The 639A is 165 mm overall; long enough for two-handed work where one hand controls the tip and the other steadies the workpiece, short enough to fit a tool roll without poking through. The steel is hardened tool steel; the handle is ergonomic-shaped composite with a flat at the back that keeps the awl from rolling off the bench.
What the straight tip does best
- Opening cable housing after a cut. The cut almost always pinches the inner liner; the awl chases the liner back to round so the cable can pass.
- Picking at a snagged internal cable inside a frame's downtube routing. The awl reaches what your fingers can't.
- Scribing reference marks on a steerer, seatpost, or stem before cutting or trimming.
- Clearing dried mud from cleat-bolt heads before reaching for the hex wrench.
- Verifying that an O-ring's groove is clean before reseating.

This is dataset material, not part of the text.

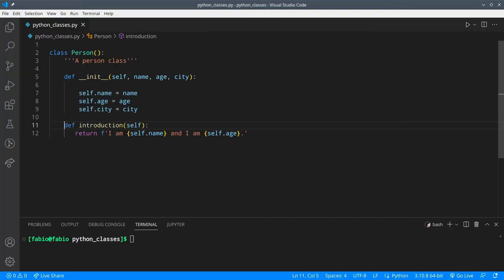Welcome to the last video of this series about object-oriented programming and classes in Python. In this video you're going to learn about properties and why they're so useful, but also how to use the getter, the setter, and the deleter — when you need to change what Python does when you get the value of an attribute, when you assign a new value to it, or when you delete it altogether.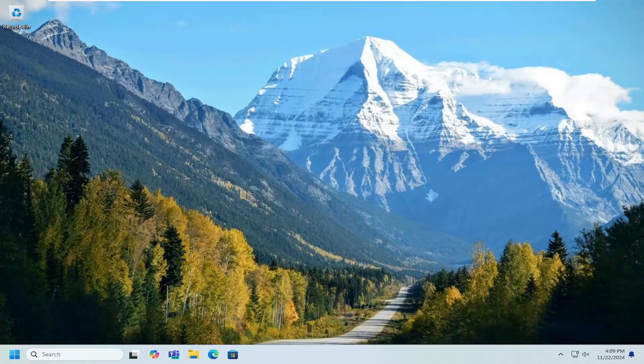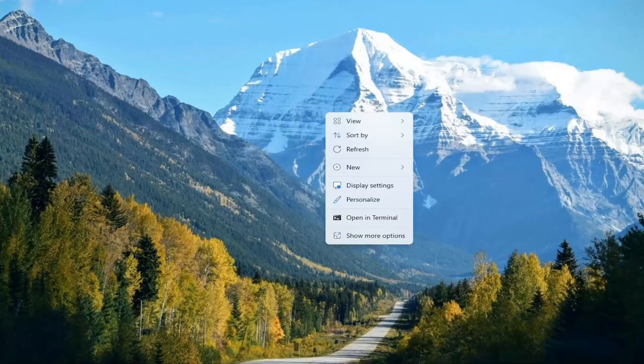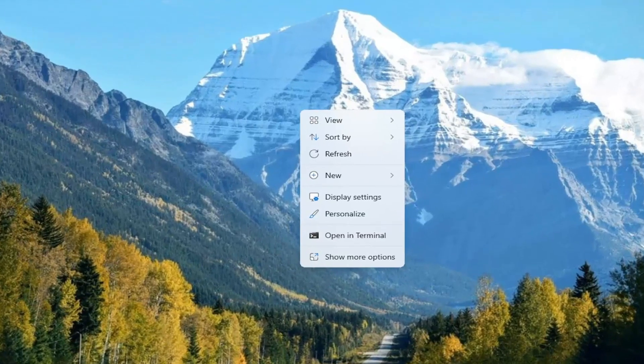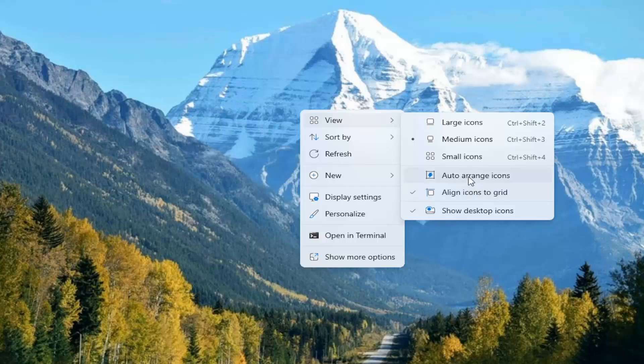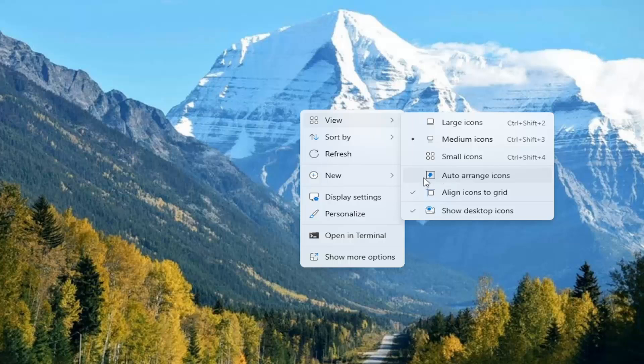So all you have to do is right-click on a blank area of your desktop, and then you want to select where it says View, and then where it says Auto Arrange Icons. Make sure that is unchecked. So if there's a checkmark next to that, you want to uncheck it.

For curved approaches and recessed pivots, see our 90-degree bent awl 639B, the S-bend 639C, or the 30-degree hooked awl 639D. All four tip geometries cover the work between them; the straight tip is the one you'll reach for most.
Specs
- 165 mm overall length
- Hardened tool steel tip
- Composite ergonomic handle
- Article number: 639A
Built in Zreče, Slovenia
Unior has been forging hand tools in Zreče since 1919, and is the official technical partner of multiple World Tour and downhill teams. The 639 series awls share the same hardened tool steel and the same composite-handle construction across all four tip geometries; only the tip shape changes. The hardening is what separates a shop awl that holds its point through years of daily work from a hardware-store one that bends on the first stiff cable.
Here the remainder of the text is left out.